Rather than co-opt a natural allosteric transition, we have instead developed a technique for engineering de novo allosteric control into a protein domain that is not naturally allosteric. Our approach is predicated on the observation that cavity-forming mutations can be complemented by binding of small hydrophobic ligands10,11, and we use this starting point as a means to control protein function. Our approach consists of removing a buried structural element in the enzyme, which in turn distorts the active site geometry and results in loss of function; subsequent exogenous replacement of the complementary small molecule can then be used to restore structure, and hence activity (Figure 1a). The ability of an effector ligand to restore protein activity will require not simply binding, but also precise rescue of structure. Previous attempts to rescue cavity-forming mutants with activating ligands have included a zinc finger transcription factor12 and a hormone-receptor pair13. Each of these studies identified a rescuing ligand by screening restricted compound libraries, and demonstrated that the selected ligand restored partial activity. In neither case was activity fully restored, however; we propose that complete rescue requires a ligand with exquisite structural complementarity unlikely to be found in a screening library of limited size. We expect that complete rescue of function will require exact ligand-cavity complementarity, which we attain by rationally matching the effector ligand to the structure of the deleted moiety.

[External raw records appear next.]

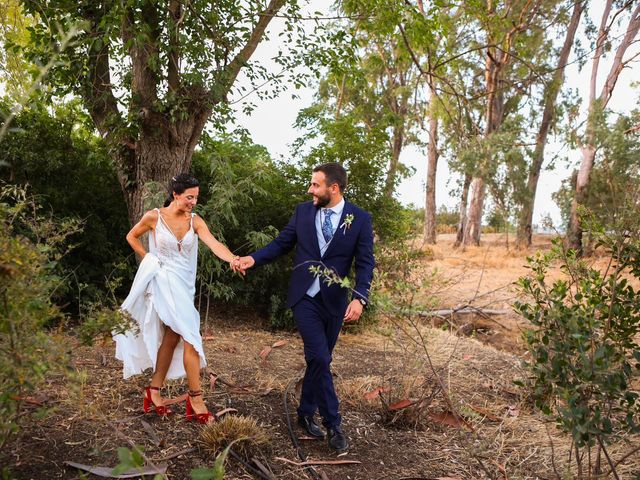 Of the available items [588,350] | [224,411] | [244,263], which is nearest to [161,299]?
[244,263]

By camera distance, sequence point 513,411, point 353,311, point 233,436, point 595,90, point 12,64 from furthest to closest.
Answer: point 595,90 → point 12,64 → point 513,411 → point 353,311 → point 233,436

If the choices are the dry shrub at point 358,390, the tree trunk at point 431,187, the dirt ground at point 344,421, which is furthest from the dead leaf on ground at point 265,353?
Answer: the tree trunk at point 431,187

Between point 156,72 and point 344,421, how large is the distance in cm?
486

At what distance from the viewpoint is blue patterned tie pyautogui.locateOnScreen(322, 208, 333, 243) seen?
4812mm

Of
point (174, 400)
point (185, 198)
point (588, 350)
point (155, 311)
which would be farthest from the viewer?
point (174, 400)

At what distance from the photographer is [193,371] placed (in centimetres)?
464

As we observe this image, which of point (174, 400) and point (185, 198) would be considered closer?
point (185, 198)

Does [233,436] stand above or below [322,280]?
below

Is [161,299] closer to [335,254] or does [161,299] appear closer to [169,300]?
[169,300]

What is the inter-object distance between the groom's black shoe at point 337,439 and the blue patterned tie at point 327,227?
148cm

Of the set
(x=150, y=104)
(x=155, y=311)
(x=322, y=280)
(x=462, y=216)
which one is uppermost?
(x=462, y=216)

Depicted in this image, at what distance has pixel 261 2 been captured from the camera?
24.7 feet

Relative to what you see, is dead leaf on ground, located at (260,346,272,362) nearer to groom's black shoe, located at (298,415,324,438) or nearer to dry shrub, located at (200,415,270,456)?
groom's black shoe, located at (298,415,324,438)

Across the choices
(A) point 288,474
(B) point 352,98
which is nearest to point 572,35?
(B) point 352,98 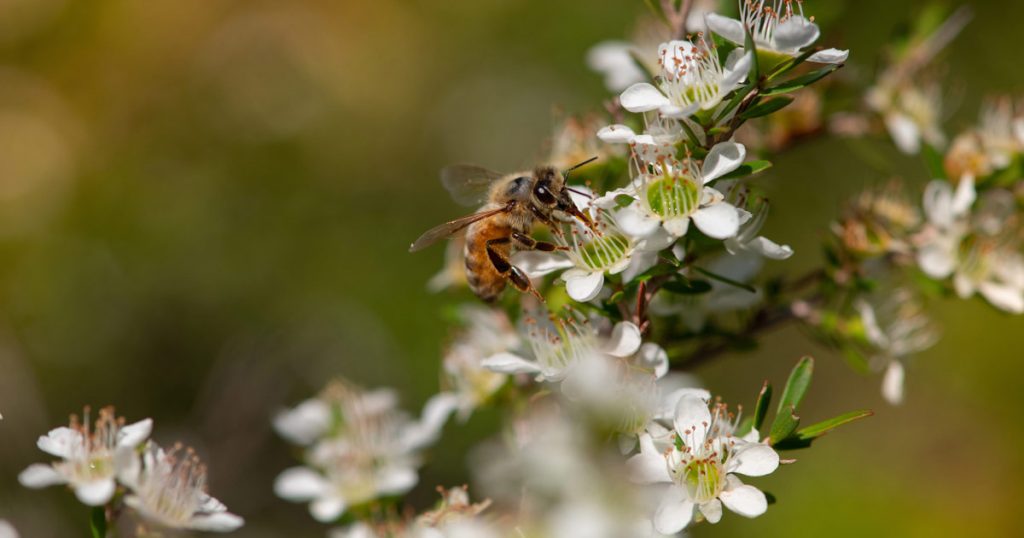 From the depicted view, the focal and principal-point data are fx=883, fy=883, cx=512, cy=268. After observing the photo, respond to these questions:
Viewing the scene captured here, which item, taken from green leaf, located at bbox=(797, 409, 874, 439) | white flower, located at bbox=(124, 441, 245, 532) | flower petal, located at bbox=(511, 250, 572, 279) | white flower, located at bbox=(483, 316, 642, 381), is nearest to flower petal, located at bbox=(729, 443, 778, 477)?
green leaf, located at bbox=(797, 409, 874, 439)

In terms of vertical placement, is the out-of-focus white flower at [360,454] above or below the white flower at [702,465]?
above

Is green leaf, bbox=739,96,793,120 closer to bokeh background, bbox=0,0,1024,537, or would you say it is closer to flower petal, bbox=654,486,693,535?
flower petal, bbox=654,486,693,535

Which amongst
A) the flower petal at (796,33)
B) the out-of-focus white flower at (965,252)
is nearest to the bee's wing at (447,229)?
the flower petal at (796,33)

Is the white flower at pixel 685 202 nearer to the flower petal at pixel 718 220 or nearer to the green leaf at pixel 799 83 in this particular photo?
the flower petal at pixel 718 220

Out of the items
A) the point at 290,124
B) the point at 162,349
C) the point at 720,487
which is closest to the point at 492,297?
the point at 720,487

Though this approach may in principle be applied to a deleted structural element corresponding to sidechains from multiple amino acid residues, in this study we focus on mutation of a single buried tryptophan residue to glycine (W→G). If this tryptophan sidechain is serving as a “buttress” to prevent collapse of the enzyme active site, its removal will lead to distortion of the catalytic geometry and thus loss of enzyme activity. Replacement of the buttress via addition of exogenous indole – perfectly complementing the deleted sidechain – should restore the original protein conformation, and thus rescue activity. Critically, the mutation site need not be at the active site: provided the disruption of structure resulting from a remote mutation is relayed to the active site, the recovery of structure upon complementation is expected to similarly be transduced to the active site. This approach therefore represents a rational strategy for designing remote de novo allosteric effector binding sites into proteins.
Methods
All β-glycosidase kinetic assays were carried out using 58 nM β-gly with fluorescein di-β-D-galactopyranoside (FDG) as substrate in a buffer of 50 mM sodium phosphate pH 6.5 and 5% DMSO at 37 °C, with indole concentrations ranging from 0 to 10 mM. β-glycosidase cleaves FDG twice to yield one molecule of D-galactose and two molecules of fluorescein; we detect the latter by fluorescence with excitation at 485 nm and emission at 528 nm.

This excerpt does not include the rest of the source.